* Exercise description
Send each entry back exactly as given, pictures excluded.

Image-text web data
┌────────

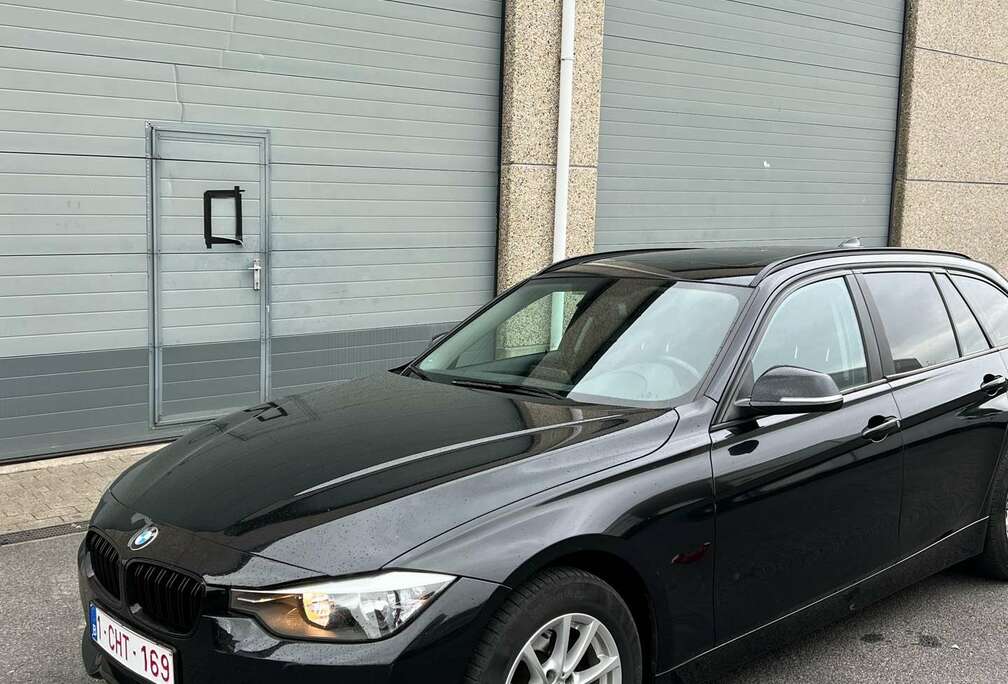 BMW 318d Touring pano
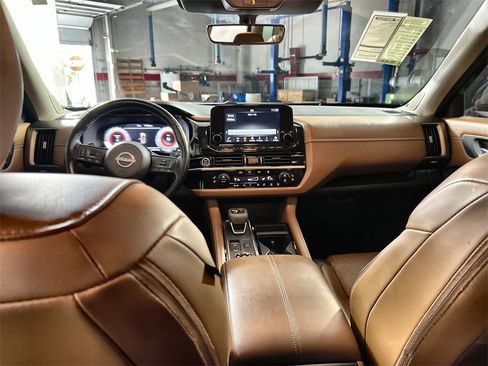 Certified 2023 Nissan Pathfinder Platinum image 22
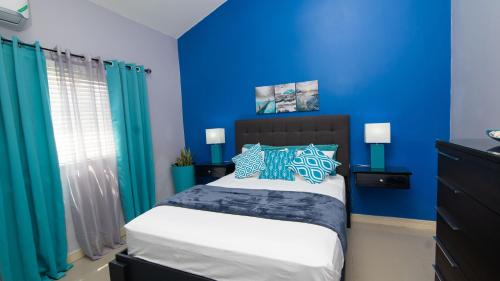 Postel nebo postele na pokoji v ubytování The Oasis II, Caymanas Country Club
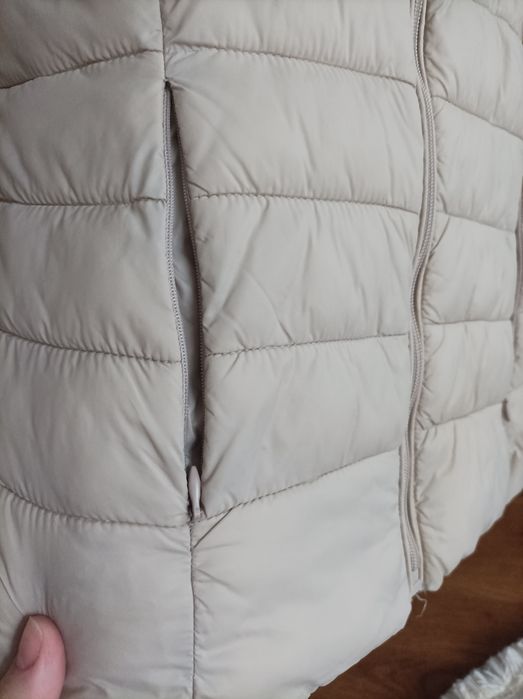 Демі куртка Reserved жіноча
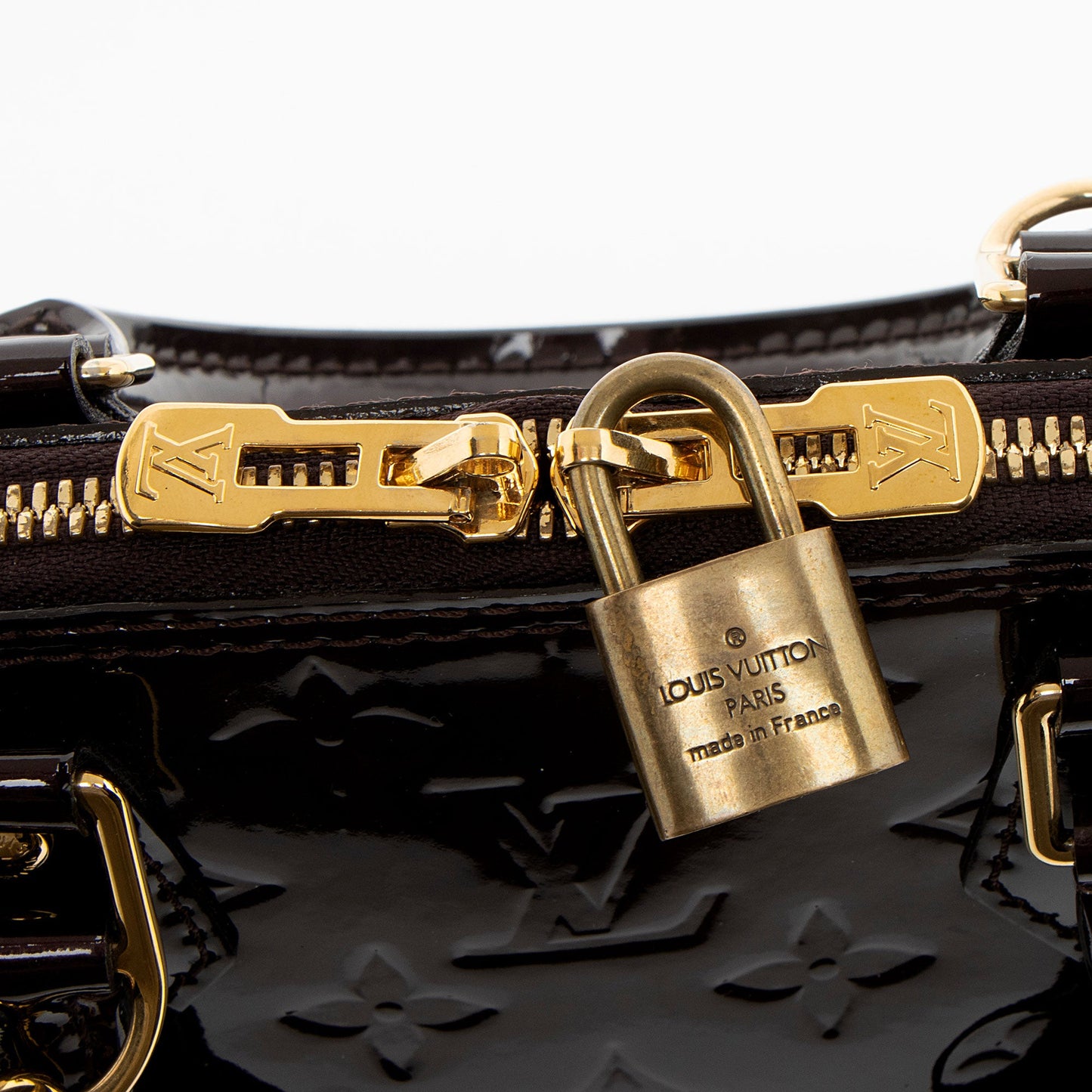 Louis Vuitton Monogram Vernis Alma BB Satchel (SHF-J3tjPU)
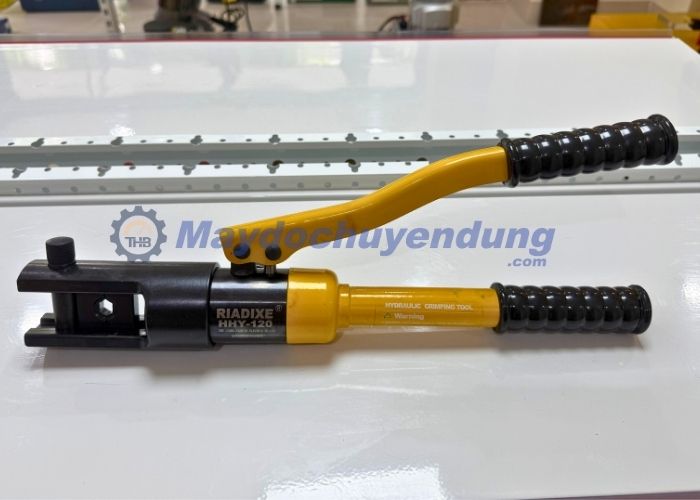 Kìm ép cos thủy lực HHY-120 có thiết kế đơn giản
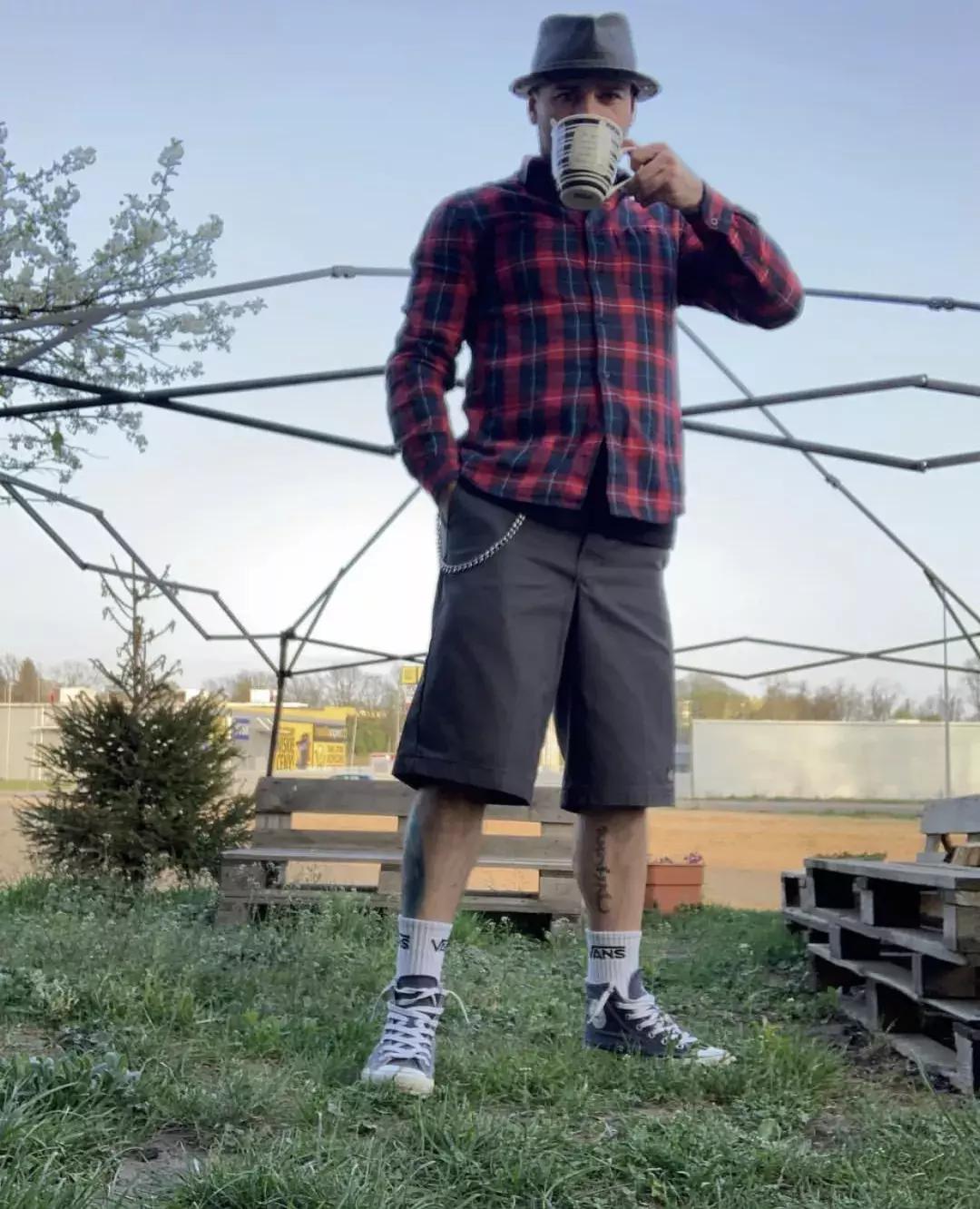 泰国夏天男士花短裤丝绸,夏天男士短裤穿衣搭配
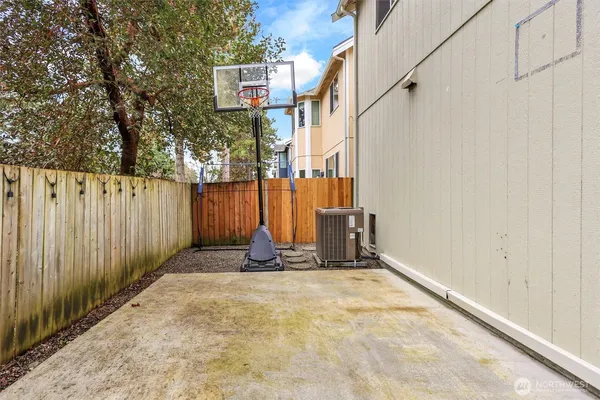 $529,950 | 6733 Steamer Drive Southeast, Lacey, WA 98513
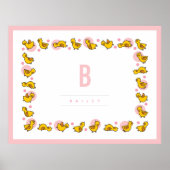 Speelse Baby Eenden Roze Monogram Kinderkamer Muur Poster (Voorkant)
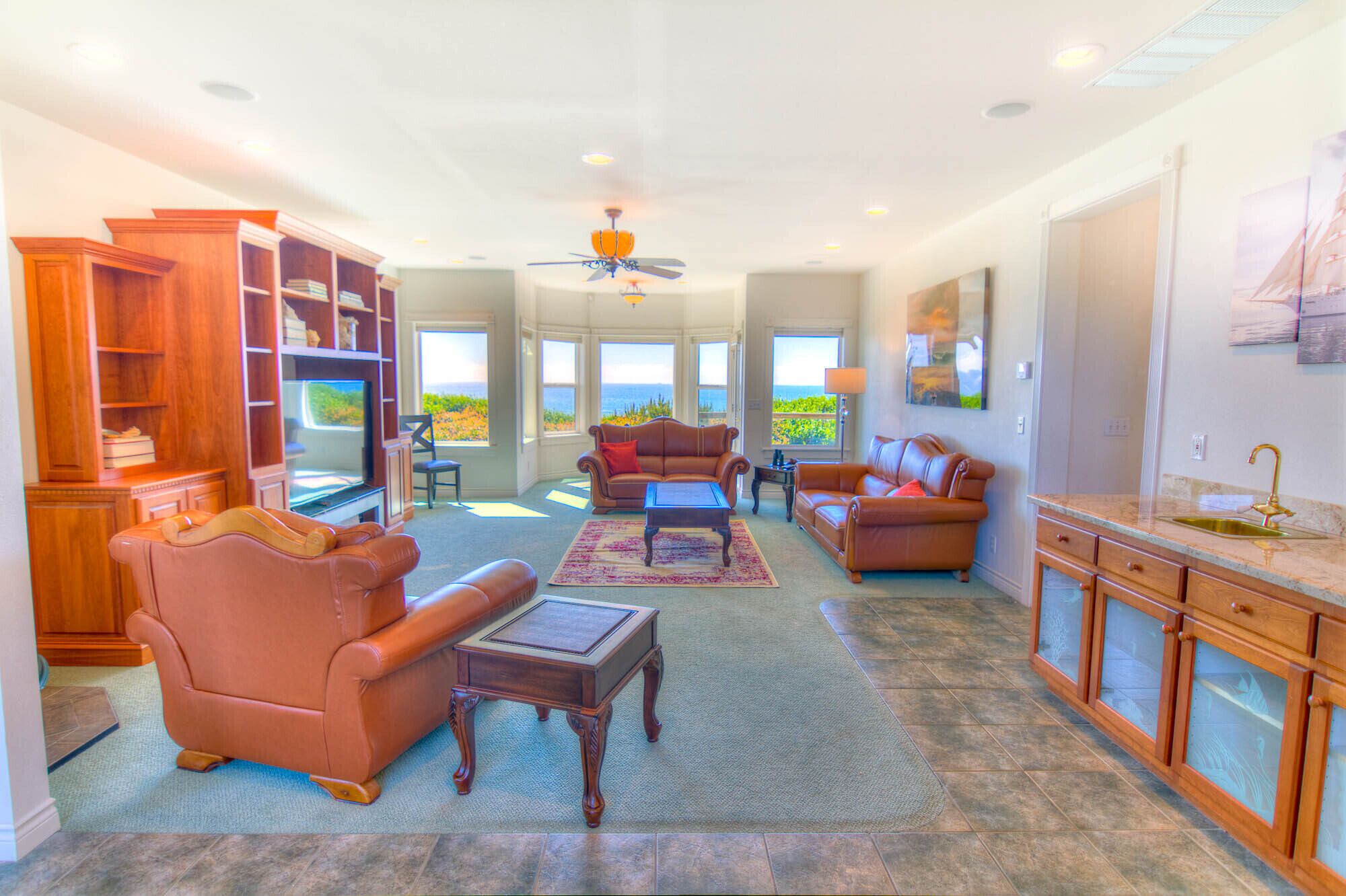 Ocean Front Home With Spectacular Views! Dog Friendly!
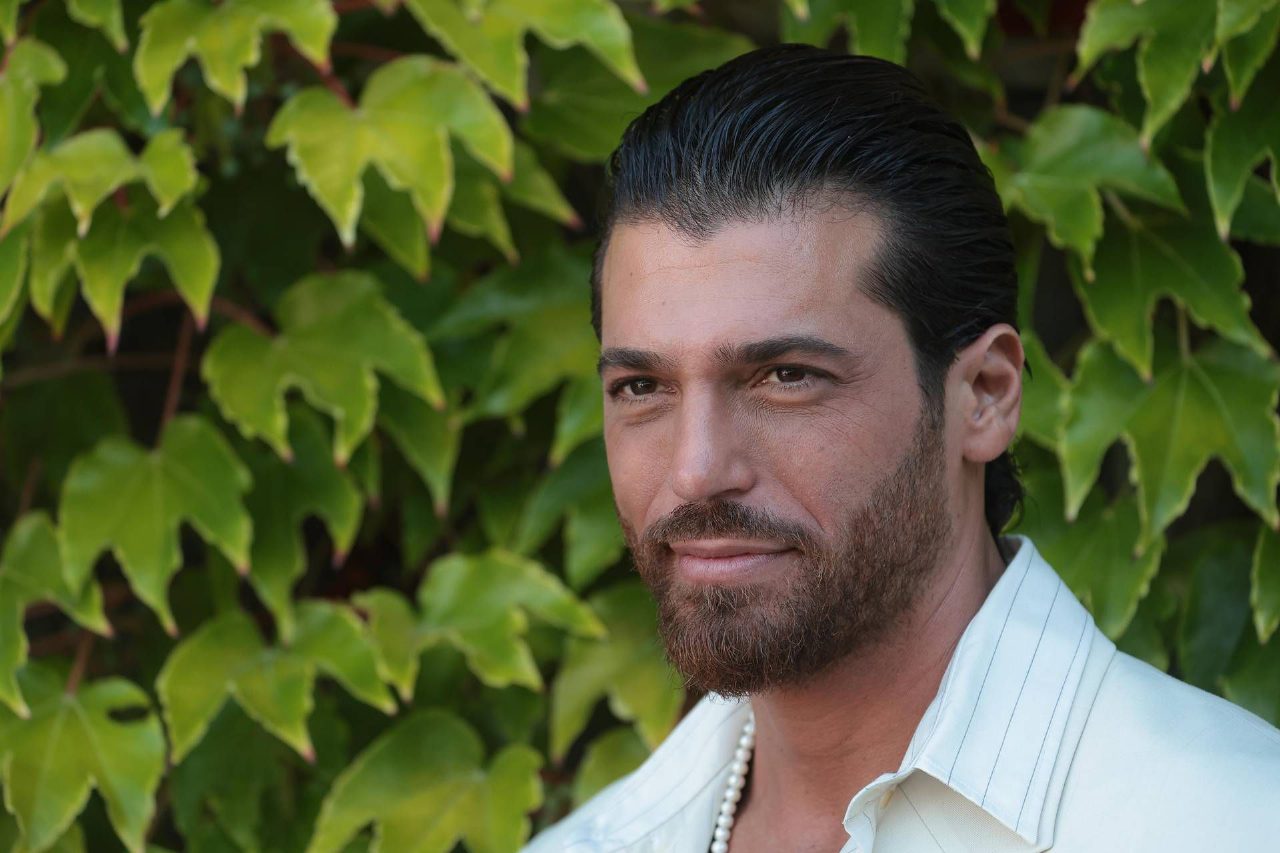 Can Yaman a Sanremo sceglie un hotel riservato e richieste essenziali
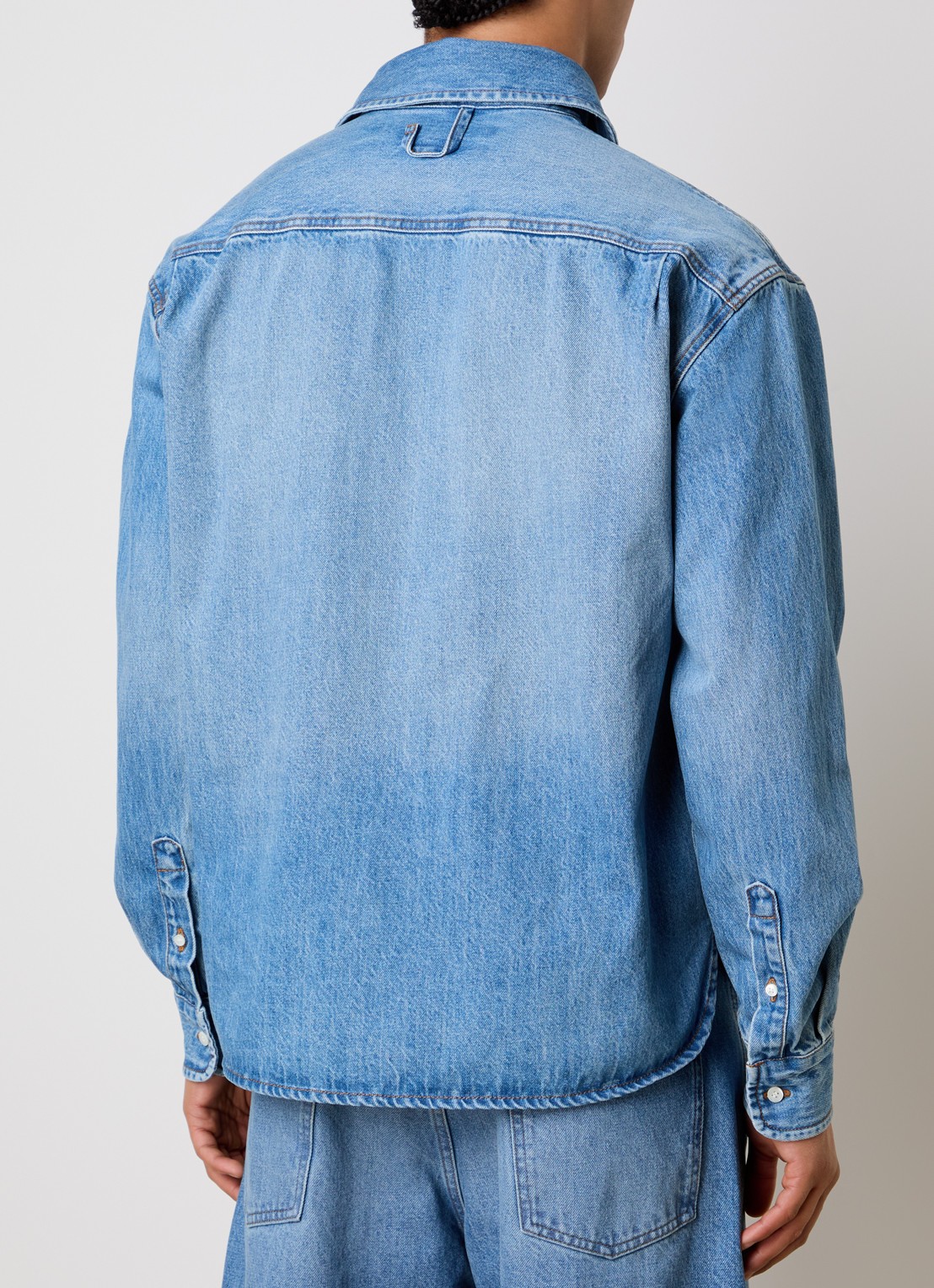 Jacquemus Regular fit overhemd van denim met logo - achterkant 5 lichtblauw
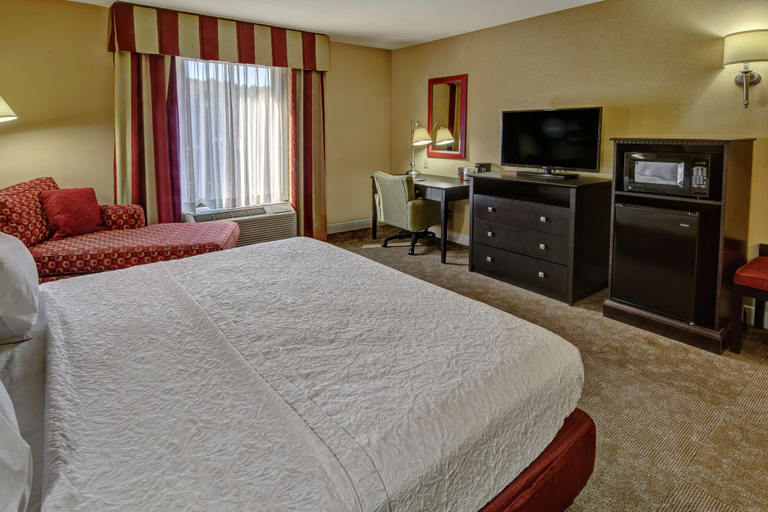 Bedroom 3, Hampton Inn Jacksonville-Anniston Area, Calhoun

└────────

* Result of the exercise
 BMW 318d Touring pano
 Certified 2023 Nissan Pathfinder Platinum image 22
 Postel nebo postele na pokoji v ubytování The Oasis II, Caymanas Country Club
 Демі куртка Reserved жіноча
 Louis Vuitton Monogram Vernis Alma BB Satchel (SHF-J3tjPU)
 Kìm ép cos thủy lực HHY-120 có thiết kế đơn giản
 泰国夏天男士花短裤丝绸,夏天男士短裤穿衣搭配
 $529,950 | 6733 Steamer Drive Southeast, Lacey, WA 98513
 Speelse Baby Eenden Roze Monogram Kinderkamer Muur Poster (Voorkant)
 Ocean Front Home With Spectacular Views! Dog Friendly!
 Can Yaman a Sanremo sceglie un hotel riservato e richieste essenziali
 Jacquemus Regular fit overhemd van denim met logo - achterkant 5 lichtblauw
 Bedroom 3, Hampton Inn Jacksonville-Anniston Area, Calhoun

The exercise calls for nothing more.